I have tried many amps on the Druids and I don't find them especially sensitive to amp topologies, but certainly revealing of their character. A 300B amp with flabby bass will be revealed for holographic tonally rich midrange, smooth spray on top and, well...flabby bass. The absence of a crossover makes the loss of focus and detail in an otherwise good push-pull tube amp starkly evident compared to a good SET. A tonally neutral, smooth and unfatiguing solid state amp like a Red Wine comes through as exactly that while a high power silicon beast delivers tons of slam indelicately. An 845 SET sounds more objective and punchy than an equivalent 300B. Differences between EL34 and KT88 are obvious.

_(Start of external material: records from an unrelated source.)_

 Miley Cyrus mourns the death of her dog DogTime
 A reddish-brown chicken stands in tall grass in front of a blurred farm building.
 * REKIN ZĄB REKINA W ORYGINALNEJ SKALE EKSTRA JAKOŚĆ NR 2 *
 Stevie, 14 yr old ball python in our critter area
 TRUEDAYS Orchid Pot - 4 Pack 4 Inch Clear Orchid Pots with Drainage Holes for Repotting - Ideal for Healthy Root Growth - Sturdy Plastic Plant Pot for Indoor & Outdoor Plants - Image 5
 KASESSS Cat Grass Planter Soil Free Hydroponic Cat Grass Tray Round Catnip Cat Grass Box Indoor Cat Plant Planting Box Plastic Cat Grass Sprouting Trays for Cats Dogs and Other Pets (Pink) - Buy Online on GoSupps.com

There is lots of room for preference. BUT, in every environment except those Arcadia hotel rooms (and apparently at the Marriott in Denver) the Druid has an aliveness, tonal richness frequency accuracy and utter lack of fatigue that seems elusive to reproduce in the massively dysfunctional hotel setting. I wish it were otherwise. How Zu will create customer touch points in environments like shows where they can't control their circumstances remains a marketing problem to solve for them. Again, in my opinion, everyone at VTV was similarly handicapped and nothing there sounded good enough to me to compel a purchase if I had only those demos to go on. In general, the manufacturers in the industry should theoretically benefit from the direct exposure to customers, but it's possible that these hotel room shows for the public (as opposed to the dealers in the trade) actually slow decisions to buy, on products that absolutely require listening for evaluation.

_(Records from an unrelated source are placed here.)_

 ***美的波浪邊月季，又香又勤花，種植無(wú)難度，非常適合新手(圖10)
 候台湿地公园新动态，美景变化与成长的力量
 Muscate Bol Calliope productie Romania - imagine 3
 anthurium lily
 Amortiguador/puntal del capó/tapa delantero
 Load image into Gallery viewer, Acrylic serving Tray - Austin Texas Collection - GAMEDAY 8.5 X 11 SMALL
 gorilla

I am willing to evangelize Zu speakers not because they are perfect, but because they solve in one stroke an intersection of many problems commonly cited here and elsewhere by audiophiles as causes for dissatisfaction. The catalytic effect of a 101db/w/m speaker that is frequency accurate, missing the shout of most HE designs, crossoverless overall and filterless 40Hz - 12kHz and with extended treble and bass with uniform transient behavior top to bottom transforms system character and makes the power amp the center of gravity of the system. You will find a lot of dissatisfaction and fatigue factors you might have once ascribed to sources and cable, preamp and power amp, have actually been instigated by crossovers in the mid-band of your speakers, along with speaker inefficiency and wild loads cornering you into restricted amp choices. The Zu design sets you free of all that, but frankly by far the best way to realize the benefits is to take the 60 day money-back offer. For me months later I am near the end of changes having cascaded through 2 systems because of Zu, and I have to ascribe to their speaker designs and my patience in assimilating all the downstream effects they drive, the greatest leap forward in fidelity I've been able to create in 30 years of making good choices. Someone else might bias their equipment array to steer their Zu system to have some different traits from mine, but that essential holistic character will be unmistakable. I just haven't heard it simulated in a hotel lodging room. Perhaps it can't be.

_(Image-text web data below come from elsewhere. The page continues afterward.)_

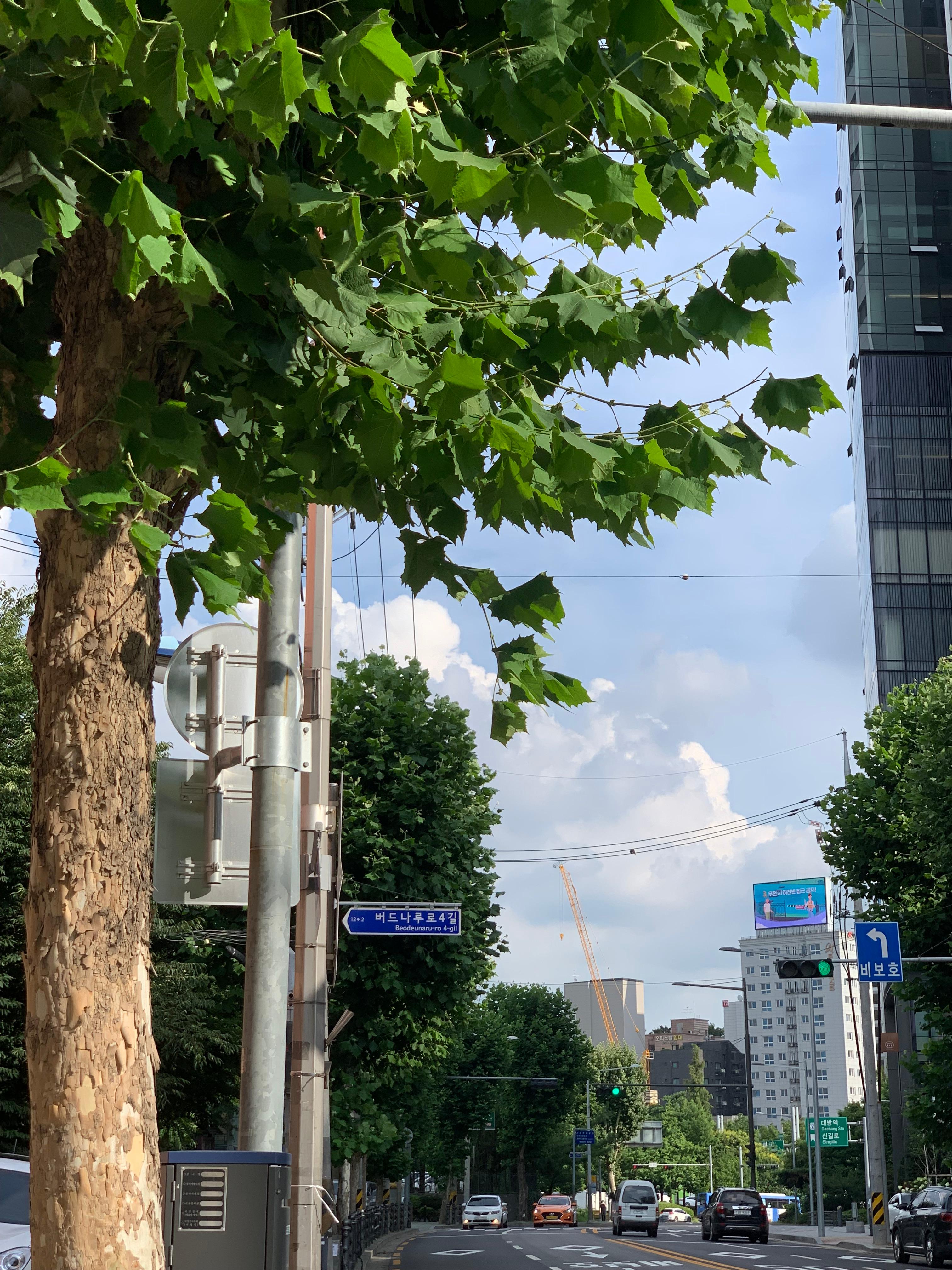 영등포동2가 실거주자 사진 3
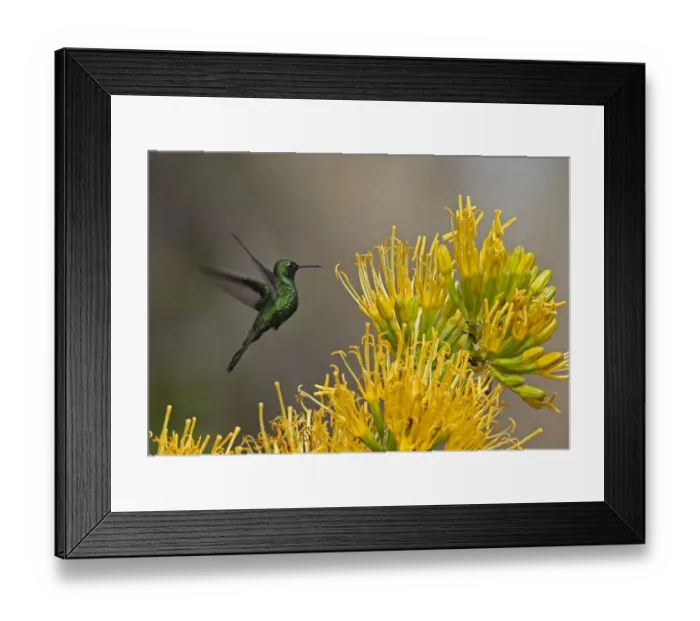 Framed Print : Hispaniolan Emerald (Chlorostilbon swainsonii) adult male, in flight, feeding at flowers, Bahoruco Mountains N. P Framed Print : Hispaniolan Emerald (Chlorostilbon swainsonii) adult male, in flight, feeding at flowers, Bahoruco Mountains N. P
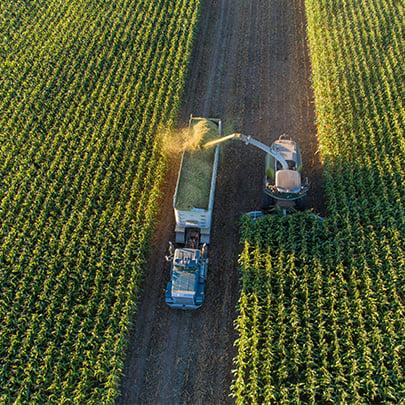 field harvest 405x405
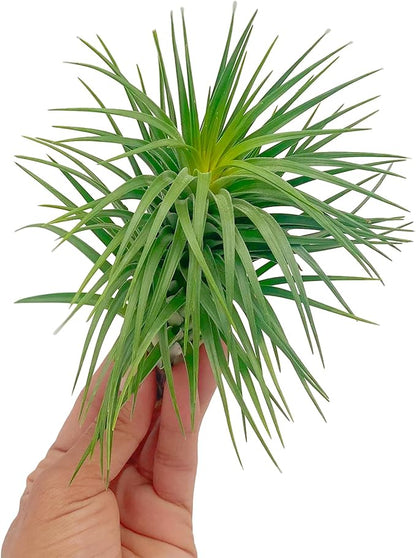 ragnaroc Air Plants - Flowering Tillandsia Pink Paske Large 5" - 2ct - Live Arrival Guaranteed - House Plants for Home Decor & Gift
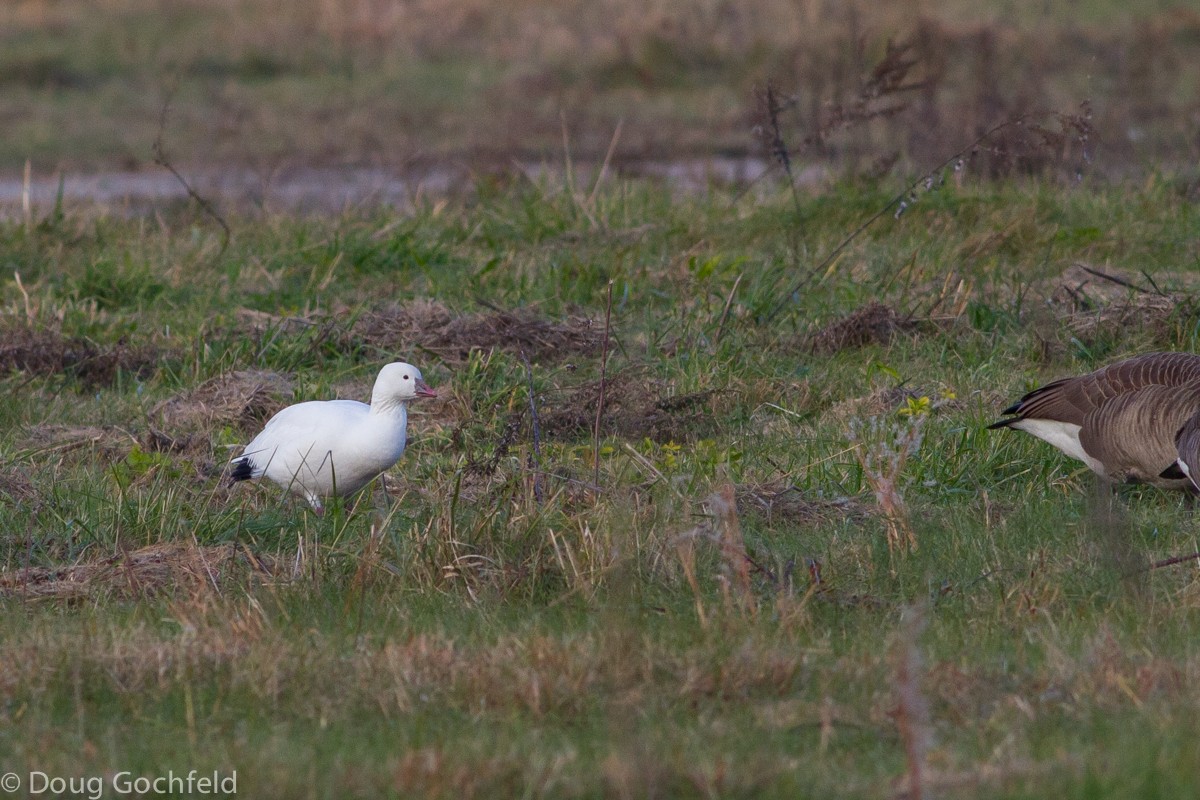 Ross's Goose - ML23523501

If you hear Druids or Definitions in my house and you don't like them, well then it's settled -- you just don't like them. Zu gives you the opportunity to settle the issue in the room you know best -- your own.

Phil
I don't know how long you've had your Druids, Stew, but that "hollow" sound is common when new, needing break-in. On first listen when I got my Druids, I thought the same thing but chose to give them time to get used because the rest of it -- the top-to-bottom transient consistency, tone, overall speed and lack of crossover effects made it right to give them some time.